Configuration is quite fiddly. Run Prismatik, configure it as best you can, then quit. You should know from your time spent programming your Arduino in the IDE which COM port it's on, and keep the default serial port speed of 115200. You really should not have any problems with keeping that speed, but you do have the option to alter the Arduino sketch to change the bit rate down to e.g. 57600. Just keep in mind that the slower you make it, the lower your maximum frame rate will be. My color order was RGB; an easy way to figure out if you've got it right is to use a monitor test program like LCDTest.
If your LED layout matches one of the zone wizard layouts, you're done. Otherwise, you will need an older version of Prismatik which supports the plugin.
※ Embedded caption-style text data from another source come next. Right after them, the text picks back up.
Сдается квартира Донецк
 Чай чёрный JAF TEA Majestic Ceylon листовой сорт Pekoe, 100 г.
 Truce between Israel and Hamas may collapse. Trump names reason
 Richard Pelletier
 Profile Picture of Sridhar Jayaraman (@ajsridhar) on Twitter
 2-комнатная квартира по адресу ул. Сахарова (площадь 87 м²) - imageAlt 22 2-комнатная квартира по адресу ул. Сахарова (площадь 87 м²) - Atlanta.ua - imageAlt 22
The plugin I found that helps only works with Prismatik 5.9.6. So uninstall Prismatik, install the old version, install the plugin, run the program again, enable the plugin, and refresh plugins. Now you can actually use the plugin; configure it and create a new profile, which will use the plugin to arrange the zones. If the config didn't come out the way you like, delete the new profile, reconfigure the plugin, and create another profile. Fun! Now you can uninstall, and reinstall the better version.
There have been many Ambilight clones for Windows, and you can just go forth and buy Lightpack (or some other solution) if you would like to cut the work out. But once you know what you're doing, getting an Ambilight clone working is actually quite easy, and the hardest part is wading through outdated weblinks and information.